## TASK DIRECTIONS
Starting at the line with "Peugeot 5008 5008" and ending at the line with "(12-2016/12-2024) picture 32", print exactly the lines of the entries below. Pictures do not belong in the copy.

═════ TASK INPUTS ═════

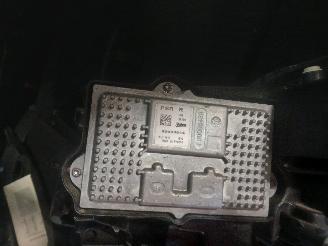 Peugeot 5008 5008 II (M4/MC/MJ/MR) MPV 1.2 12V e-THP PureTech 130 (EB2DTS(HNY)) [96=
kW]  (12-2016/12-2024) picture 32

═════
═════ TASK INPUTS ═════

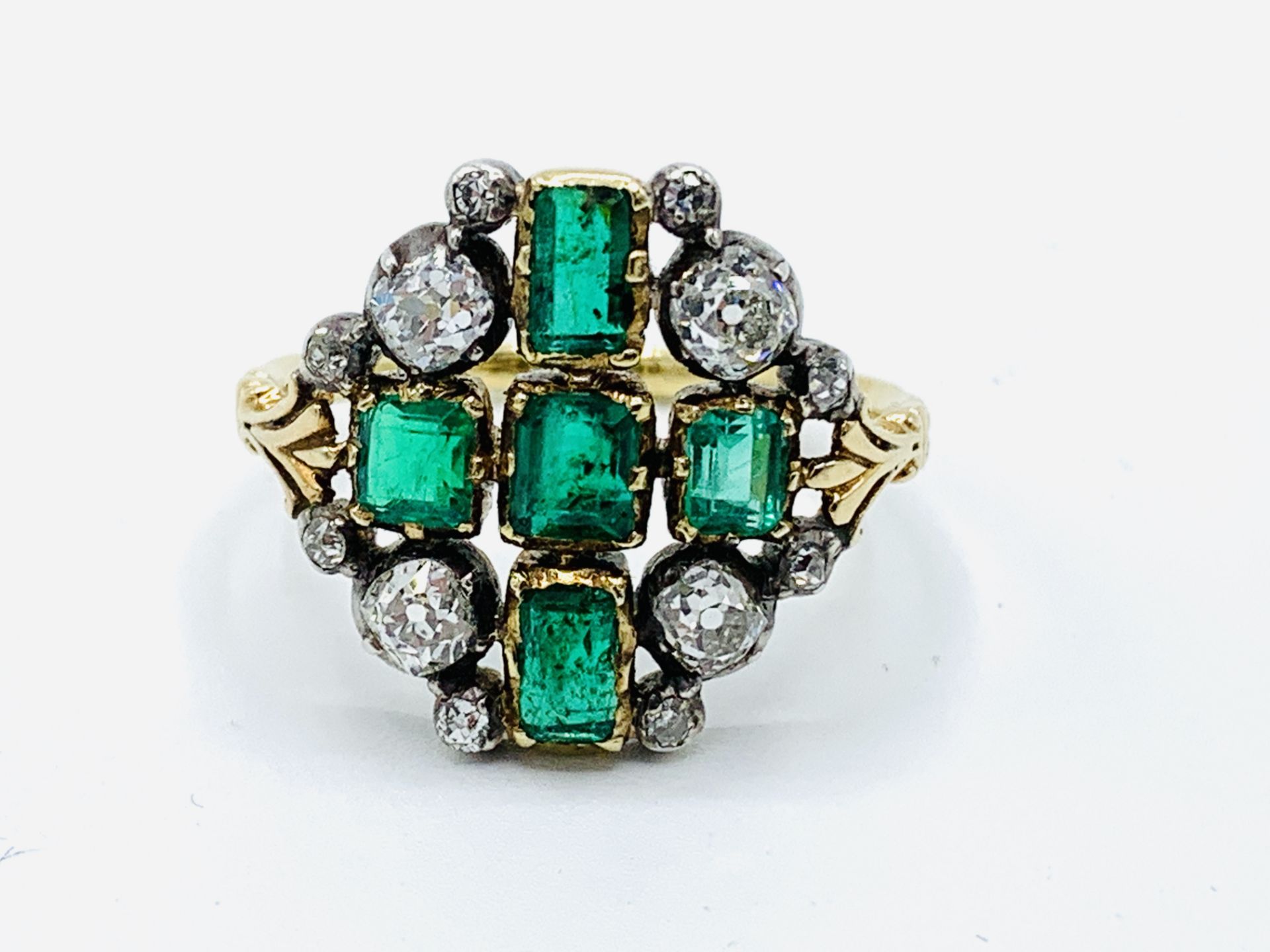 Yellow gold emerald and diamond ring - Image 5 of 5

═════

## REPLY TO THE TASK
 Peugeot 5008 5008 II (M4/MC/MJ/MR) MPV 1.2 12V e-THP PureTech 130 (EB2DTS(HNY)) [96=
kW]  (12-2016/12-2024) picture 32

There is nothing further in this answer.